Exercise details: From first line to last, transcribe the listing exactly and skip any image.

Raw data:
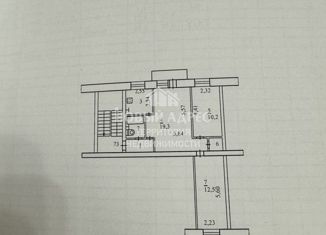 Продам 3-ком. квартиру, 55 м2, Калужская область, улица Никитина, 67А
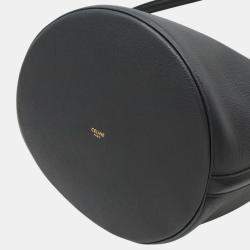 Celine Black Leather Bucket Bag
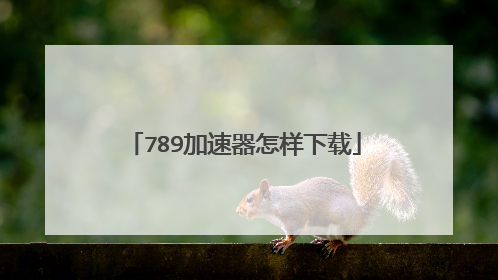 789加速器怎样下载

Result of this exercise:
 Продам 3-ком. квартиру, 55 м2, Калужская область, улица Никитина, 67А
 Celine Black Leather Bucket Bag
 789加速器怎样下载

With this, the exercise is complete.